It is only when you are faced with a legal matter that the importance of using your birth name becomes significant. I have met quite a few people who, not liking their first name, will have a nickname or will shorten their name—William becomes Bill, or Matthew becomes Matt or Mat and in the case of my grandmother, Albertina became Olive. My grandmother died in her early twenties soon after giving birth to her third child, my father. But when she died, the person who provided the name Olive for her death certificate, did not know that her birth name was Albertina. So when my father was asked to provide proof of her death many years later, it proved difficult because the name Albertina was not listed on the copy of the death certificate. There was no one alive who could have testified in a legal document indicating that my grandmother was also known as Olive. I just had shake my head.

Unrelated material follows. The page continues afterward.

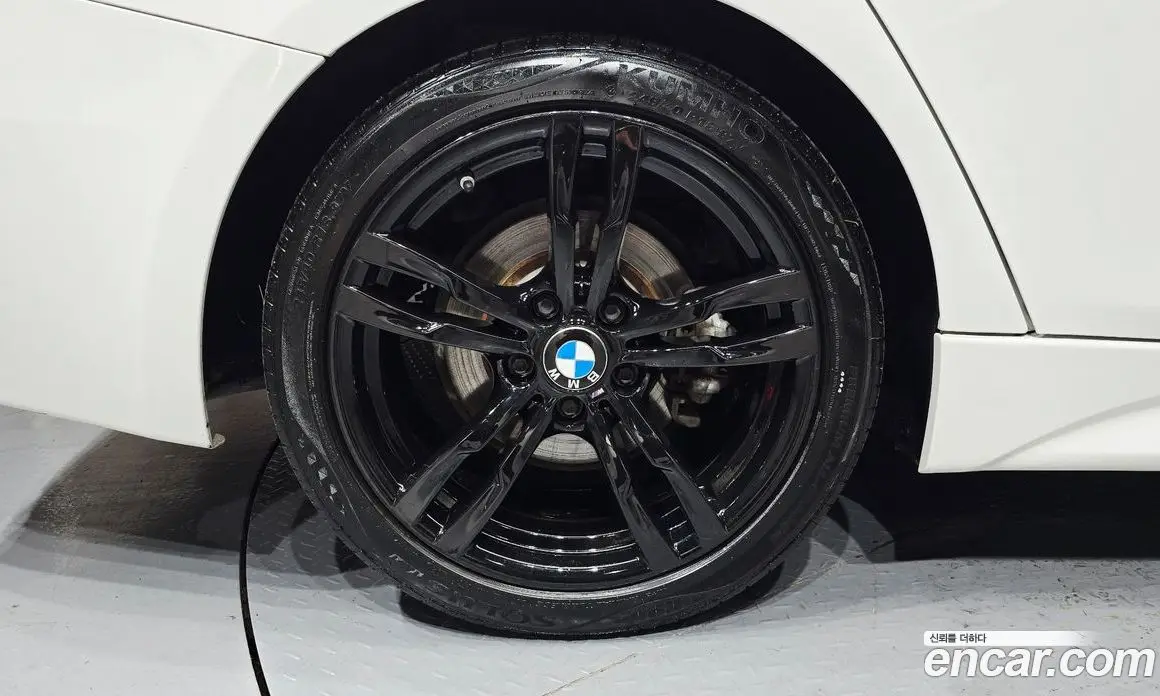 BMW 3 серия 2017 2.0 автомат (гидро), фото 5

Here is an even more complicated situation that I would like someone in immigration to assist me with. A non-muslim Trinidadian man marries a muslim woman in a muslim country. The process for marrying a muslim woman is that the non-muslim man has to take a muslim name in order to get married and that is the name that is put on the marriage certificate. The man retains all his original documents and continues to be called by his birth name not realising that the use of the muslim name would cause some confusion later on. The non-muslim man returns to Trinidad after 13 years of living in the muslim country and wants to apply for residency for his wife.
The immigration officer points out to the Trinidadian that the muslim name is on the document and asks if he has any legal documents to show that he and the name on the document is one and the same, which is a fair question. Well, the answer is no because he only used the muslim name to facilitate the marriage. There was never any intention to give up his birth name. There is a card, like a National ID card, with both the man and his wife’s photos on it with the man’s muslim name being used on the card. So, what is the solution? To register for marriage in Trinidad is out of the question, because the Registrar General’s office has indicated that a person can’t get married twice and have it registered in different countries. A deed poll in the muslim name will entail the changing of a passport, National ID card and driver’s permit and giving up the birth name which is not what the man wants to do. Changing one’s name is an important step that should not be taken without careful consideration of the consequences.
A Deed Poll, commits you to the following actions:
• to renounce and abandon the use of your former name(s);
• to use your new name(s) at all times; and
• requires everybody to address you only by your new name(s).
Question to be answered: what would immigration accept in order to satisfy both parties?
My suggestion to anyone wanting to use a different name for whatever reason, is to do the legal paperwork or get the relevant documents that will match the name on one’s birth certificate. This will save a lot of time, frustration and energy later on. Having a copy of documents translated from a foreign language into English saves time and money as well.Another word of advice: If you are going to name a beneficiary on a legal document, please ensure that you use their correct birth name, so that collecting the money upon your death is not going to be difficult.